These days, almost every casual jacket (or even suit jacket) gets labeled as a blazer. In the States, the blazer has been re-appropriated to mean almost any jacket with pockets, lapels and unmatched pants, when in fact the jacket may not actually be a blazer, but a sport coat.
With this type of disorder brewing, the blazer and the sport coat often get confused, or worse, the terms are used interchangeably. Yes, the blazer is intended for pants that do not match the jacket, but so is the sport coat. By definition, the blazer should have patch pockets and bronze or silver buttons.

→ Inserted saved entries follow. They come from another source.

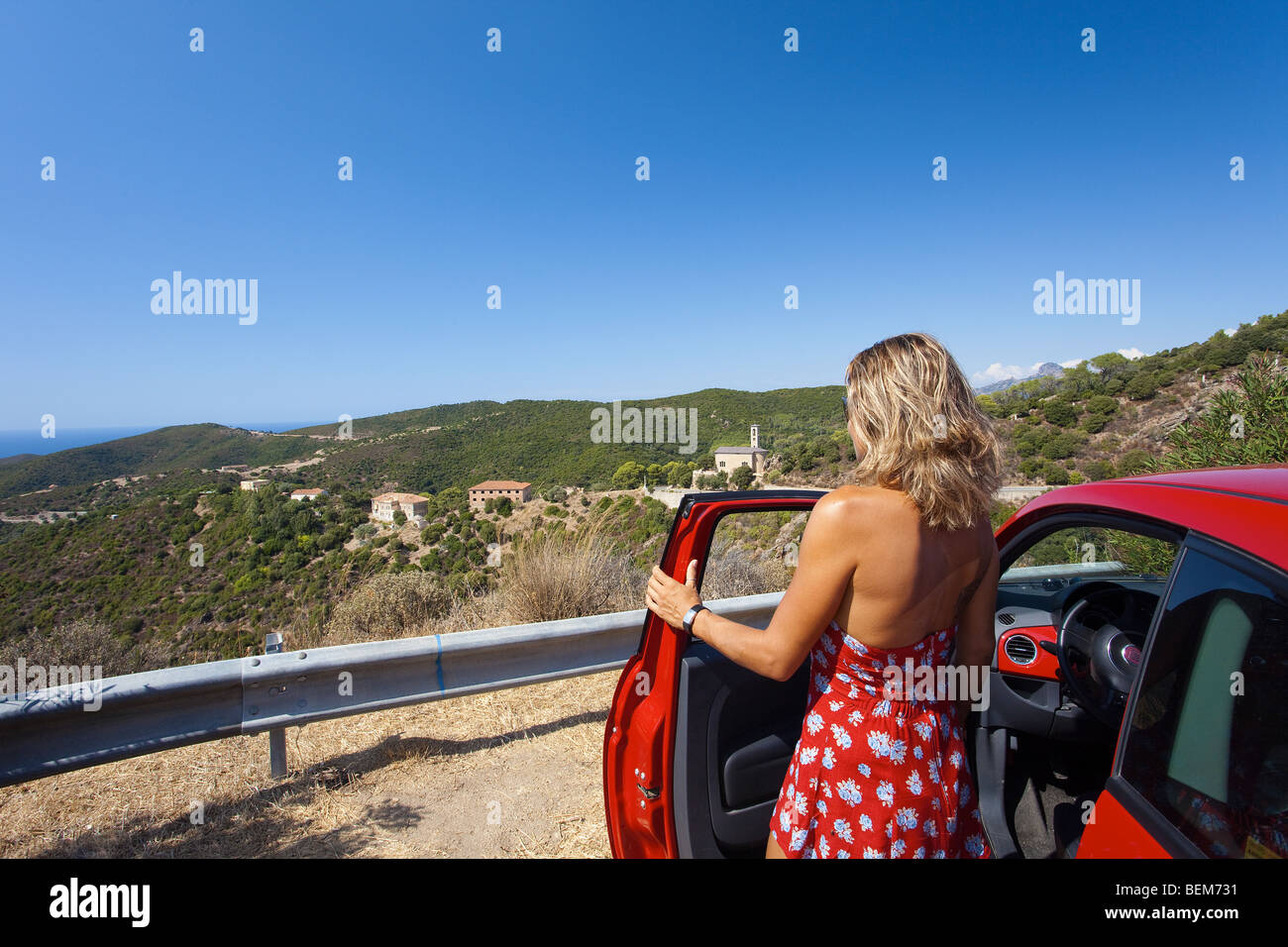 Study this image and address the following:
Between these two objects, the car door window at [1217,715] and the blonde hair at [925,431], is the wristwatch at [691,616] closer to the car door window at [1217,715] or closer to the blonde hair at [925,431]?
the blonde hair at [925,431]

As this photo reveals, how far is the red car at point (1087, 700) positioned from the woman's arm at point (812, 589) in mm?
397

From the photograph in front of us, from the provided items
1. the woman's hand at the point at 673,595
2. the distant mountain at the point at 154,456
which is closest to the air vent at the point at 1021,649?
the woman's hand at the point at 673,595

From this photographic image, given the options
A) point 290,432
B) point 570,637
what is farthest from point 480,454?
point 570,637

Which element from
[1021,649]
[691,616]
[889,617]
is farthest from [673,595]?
[1021,649]

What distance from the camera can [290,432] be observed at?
32906 mm

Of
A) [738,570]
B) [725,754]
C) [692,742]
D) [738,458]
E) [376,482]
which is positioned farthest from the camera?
[376,482]

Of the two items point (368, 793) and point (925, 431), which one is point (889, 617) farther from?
point (368, 793)

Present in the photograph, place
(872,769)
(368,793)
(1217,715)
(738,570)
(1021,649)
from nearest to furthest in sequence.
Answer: (1217,715)
(872,769)
(1021,649)
(368,793)
(738,570)

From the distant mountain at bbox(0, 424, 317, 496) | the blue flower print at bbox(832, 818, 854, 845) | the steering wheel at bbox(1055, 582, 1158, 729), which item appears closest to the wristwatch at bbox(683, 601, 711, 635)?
the blue flower print at bbox(832, 818, 854, 845)

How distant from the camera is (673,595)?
1647 mm

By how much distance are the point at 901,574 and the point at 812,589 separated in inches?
7.9

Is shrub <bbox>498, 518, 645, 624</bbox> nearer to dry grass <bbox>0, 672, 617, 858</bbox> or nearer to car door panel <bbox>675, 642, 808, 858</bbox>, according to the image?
dry grass <bbox>0, 672, 617, 858</bbox>

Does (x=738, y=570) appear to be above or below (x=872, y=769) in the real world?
below

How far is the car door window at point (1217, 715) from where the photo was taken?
0.95 metres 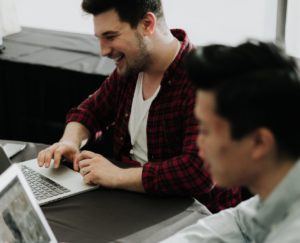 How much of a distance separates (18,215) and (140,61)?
74 centimetres

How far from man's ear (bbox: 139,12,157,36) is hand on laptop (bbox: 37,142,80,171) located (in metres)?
0.44

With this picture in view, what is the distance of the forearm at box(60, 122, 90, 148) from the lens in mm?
1742

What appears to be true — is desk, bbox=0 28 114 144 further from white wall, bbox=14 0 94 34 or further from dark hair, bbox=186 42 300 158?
dark hair, bbox=186 42 300 158

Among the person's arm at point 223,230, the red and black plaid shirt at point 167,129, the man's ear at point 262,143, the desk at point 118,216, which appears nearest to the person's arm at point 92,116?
the red and black plaid shirt at point 167,129

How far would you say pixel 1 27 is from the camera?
281 cm

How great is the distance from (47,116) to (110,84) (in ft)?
2.53

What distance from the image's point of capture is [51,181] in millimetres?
1499

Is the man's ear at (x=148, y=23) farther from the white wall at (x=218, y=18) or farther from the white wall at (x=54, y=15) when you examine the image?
the white wall at (x=54, y=15)

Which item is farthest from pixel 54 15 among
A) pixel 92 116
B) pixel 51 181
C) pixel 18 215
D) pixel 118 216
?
pixel 18 215

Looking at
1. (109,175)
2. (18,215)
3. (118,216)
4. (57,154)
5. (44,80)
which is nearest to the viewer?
(18,215)

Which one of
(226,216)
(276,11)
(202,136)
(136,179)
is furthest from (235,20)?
(202,136)

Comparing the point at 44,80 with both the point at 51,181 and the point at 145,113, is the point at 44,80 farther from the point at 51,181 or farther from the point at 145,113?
the point at 51,181

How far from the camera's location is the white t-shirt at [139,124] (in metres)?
1.73

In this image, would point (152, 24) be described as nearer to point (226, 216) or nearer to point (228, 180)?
point (226, 216) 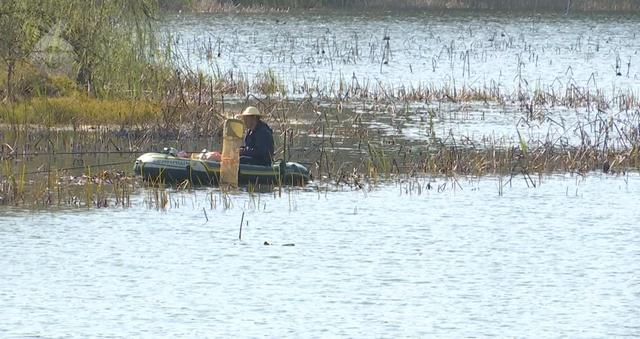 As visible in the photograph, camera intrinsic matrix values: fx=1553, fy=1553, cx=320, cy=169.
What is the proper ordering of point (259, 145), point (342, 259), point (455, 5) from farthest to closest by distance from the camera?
point (455, 5) < point (259, 145) < point (342, 259)

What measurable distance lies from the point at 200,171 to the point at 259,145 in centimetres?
85

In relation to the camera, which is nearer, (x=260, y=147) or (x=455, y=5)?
(x=260, y=147)

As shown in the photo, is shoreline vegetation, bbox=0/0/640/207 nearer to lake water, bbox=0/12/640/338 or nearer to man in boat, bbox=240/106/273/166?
lake water, bbox=0/12/640/338

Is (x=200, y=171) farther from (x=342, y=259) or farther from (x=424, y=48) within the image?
(x=424, y=48)

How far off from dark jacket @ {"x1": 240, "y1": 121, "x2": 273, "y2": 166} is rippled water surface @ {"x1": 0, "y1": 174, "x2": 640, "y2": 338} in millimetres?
542

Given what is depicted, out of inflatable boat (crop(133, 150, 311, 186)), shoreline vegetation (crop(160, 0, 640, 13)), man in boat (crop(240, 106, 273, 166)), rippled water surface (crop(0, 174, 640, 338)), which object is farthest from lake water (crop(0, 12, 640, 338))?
shoreline vegetation (crop(160, 0, 640, 13))

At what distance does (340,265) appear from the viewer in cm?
1545

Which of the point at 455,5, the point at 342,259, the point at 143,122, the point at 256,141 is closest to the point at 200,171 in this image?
the point at 256,141

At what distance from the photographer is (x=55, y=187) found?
1909 cm

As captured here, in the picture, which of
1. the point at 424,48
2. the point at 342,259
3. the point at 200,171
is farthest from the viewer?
the point at 424,48

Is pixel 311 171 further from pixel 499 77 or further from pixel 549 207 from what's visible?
pixel 499 77

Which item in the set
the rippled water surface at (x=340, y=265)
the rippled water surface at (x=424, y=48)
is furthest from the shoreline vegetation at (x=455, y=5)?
the rippled water surface at (x=340, y=265)

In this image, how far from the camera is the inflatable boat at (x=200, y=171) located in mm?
19656

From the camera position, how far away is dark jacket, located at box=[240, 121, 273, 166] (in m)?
19.6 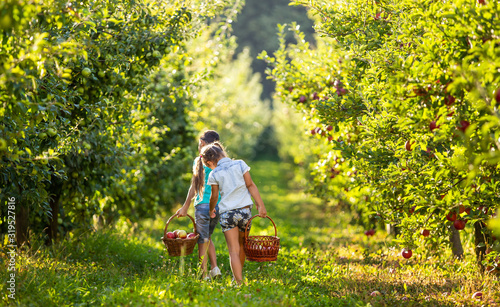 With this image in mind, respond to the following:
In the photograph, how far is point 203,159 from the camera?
5.19 m

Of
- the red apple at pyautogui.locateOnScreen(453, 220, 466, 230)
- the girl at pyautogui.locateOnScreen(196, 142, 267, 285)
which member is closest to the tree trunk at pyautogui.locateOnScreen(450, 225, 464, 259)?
the red apple at pyautogui.locateOnScreen(453, 220, 466, 230)

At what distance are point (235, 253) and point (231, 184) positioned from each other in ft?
2.53

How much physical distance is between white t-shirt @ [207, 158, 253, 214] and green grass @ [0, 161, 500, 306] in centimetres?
81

So where does the sport coat fit in? Traditionally, the sport coat was designed for the man on the move, literally, a more "sporty' jacket for the sporting gentleman. The sport coat is a more robust look, originally due to the type of fabrics it dawned, such as tweed. Considering its history, the sport coat often carries patterns unlike the solid-color blazer. Another notable difference between the two is that the sport coat uses flap pockets, along with the occasional ticket pocket up top.
Technicalities aside, both the blazer and the sport coat have different personalities and evoke different moods. A true blazer is intended to be a dressier option, intended to set the man apart from the rest. (Read its history here for a more in-depth analysis).
On the other hand, the sport coat is much less formal, especially considering its origins. Nevertheless, both are still more casual than the suit jacket. Yet no matter how casual, both the blazer and sport coat are an essential elements to use when molding personal style. And even more beneficial once you know how to use them.